Неподалеку от Монастырской церкви, в маленькой часовне Святой Богоматери Дамасской, Жан Паризо де Ла Валетт возносил молитвы и благодарил небеса за еще один пережитый день. Когда-то он просил воинов гарнизона совершить подвиг невообразимой отваги и стойкости. И те вняли Слову Божию и зову гроссмейстера. Свершилось чудо. Но его придется повторить вновь.

— Дядя!

Тихо прикрыв за собой дверь, в часовню вошел Анри. Не оборачиваясь, Ла Валетт опустил голову. Нерешительность и сдерживаемая досада в голосе племянника уже сказали за него все.

— Мавр?

— Изрублен на куски, дядя.

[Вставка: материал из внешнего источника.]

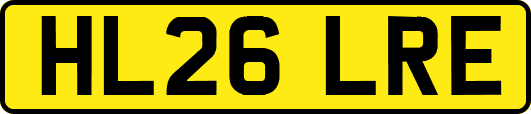 HL26LRE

Убийцы неизвестны.

— Я потерял незаменимого друга, которому обязан жизнью.

— И который отдал бы за нее свою. Он пожелал остаться в Биргу, когда Кристиан предложил ему отправиться в Мдину.

— Он должен был уехать.

— Мавр исполнял долг перед тобой, дядя. Он видел, что к тебе подступают враги.

— Но они прежде добрались до него. Как мог я подвергать друга столь огромной опасности? Как мог так жестоко отнестись к нему и заточить в казематы?

— Он сам просил об этом.

— И затем спас нас от турок. Мне будет не хватать его советов, Анри. Я поплачусь за эту потерю. — Плечи гроссмейстера поникли.

— Ты можешь извлечь из этого выгоду, дядя.

— Не вижу никакой выгоды.

— Не будь мавр мертв, ты бы не поверил. Не пожертвуй он жизнью, ты бы не начал действовать.

Ла Валетт медленно повернул голову.

— Говори, что у тебя на уме.

— Кто-то привел в действие предательский план, согласно которому ты умрешь от яда, а орден будет сдан язычникам.

— Трупы наших солдат устилают стены форта, лазарет полон раненых, а ты говоришь об измене.

— Среди твоих приближенных скрывается враг.

— Ты с ума сошел, Анри!

— Чужое вероломство, а не сумасшествие погубило мавра. И может погубить любого из нас. Капитан корсаров Эль-Лук Али Фартакс открыл Кристиану, что среди членов военного совета рыцарей есть отступник, который помогает сарацинам.

— Ты поверил на слово корсару?

— Кто же тогда направил турок в тоннели под фортом? Кто подорвал пороховой склад в Сент-Анджело и хранилище взрывчатки в Сенглеа? Кто позволил корсарам беспрепятственно высадиться на берег под стенами Сенглеа перед самым носом у наших пушек? Кто подсыпает тебе яд?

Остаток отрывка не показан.